[PATCH] 8xx_io/uart.c

Joakim Tjernlund joakim.tjernlund at lumentis.se
Wed Feb 12 05:07:54 EST 2003


> Joakim Tjernlund wrote:
>
> > ..... Will KGDB/XMON write this early and/or
> > is KGDB/XMON guaranteed not to write a LF?
>
> Yes, yes.  Making these work, especially kgdb, was a real PITA.
> Both format their own packets/strings and expect behavior of
> reading/writing directly to a uart FIFO.  Like I said, if you really
> understand how xmon/kgdb work, you would understand why these functions
> are written exactly as they are.

I think I know why the are as they are now. KGDB/XMON stuff is messy and if you
are sure that XMON/KGDB never outputs a LF all is fine.

>
> The printk never calls a serial driver before it is fully initialized.
> Debugger serial interfaces, especially kgdb, expect a simple uart fifo
> immediately available within a few hundred lines of kernel code execution.

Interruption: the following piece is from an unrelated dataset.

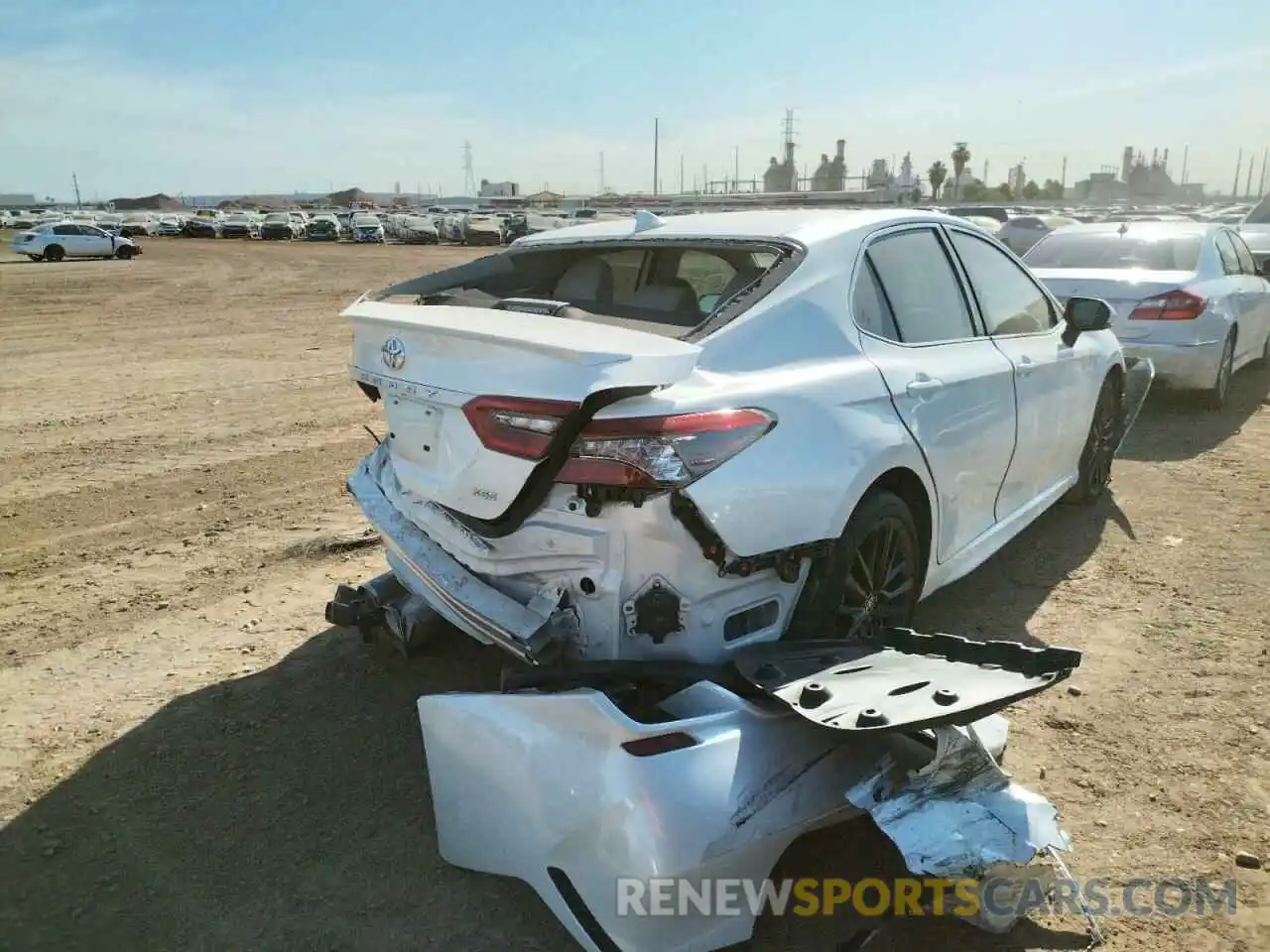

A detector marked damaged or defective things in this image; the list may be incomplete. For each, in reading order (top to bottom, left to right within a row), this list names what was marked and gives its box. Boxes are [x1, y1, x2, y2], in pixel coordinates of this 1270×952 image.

printk's will go out after serial_console_setup() has executed which I don't
consider "fully initialized" but it's initialized enough for printk's to get
out safely.

>
>
> > The buffer is kmalloc'ed and kmalloc always returns L1 cache aligned buffers.
> > Then  __dev_alloc_skb()/dev_alloc_skb() reserves 16 bytes in the beginning of the
> > buffer and since the L1 cache line is 16 bytes it is still L1 cache aligned.
>
> It's the data at the end of the buffer that's the problem.  The IP stack (used
> to) stores information in dynamically allocated memory that would get corrupted
> when buffers were invalidated.  There was lots of discussion about this on kernel
> and other mailing lists (like mips and arm).  After we found it, there was some
> discussion about how to fix it, but I didn't follow up on all of the details.
> To ensure this works, you have to configure a forwarding/routing multiple
> ethernet environment and get the 8xx to forward packets across the links.
> That was the failure condition, there are people using 8xx in these configurations,
> and we can't introduce a "solution" that has been known to be a problem in
> the past.
>
> > You think I just hacked this up and throwed it over the fence?
>
> No, but you could have saved yourself some time by reading the archives.
> You could have started with:
> 	http://lists.linuxppc.org/linuxppc-embedded/200008/msg00105.html
> and then:
> 	http://lists.linuxppc.org/linuxppc-embedded/200106/msg00078.html
>

Like I said, if you had given me a better hint then "the archives" we
could had resolved this long ago.

I have checked the links above it looks like it's solved. As far as I can
tell alternative:
  0. change alloc_skb()/skb_add_mtu() to force the allocated size to be a
     cache line multiple.
has been impl. in the kernel:
 - skb_add_mtu() does not exist anymore.
 - alloc_skb() does L1 cache align the size:
       size = requested_size + 16;
       size = SKB_DATA_ALIGN(size); /* this does L1 cache alignment */
       data = kmalloc(size + sizeof(struct skb_shared_info), gfp_mask);
   This makes the skb_shared_info to always start on a new cache line.
   There is no risk that it is invalidated by dma_cache_inv() call.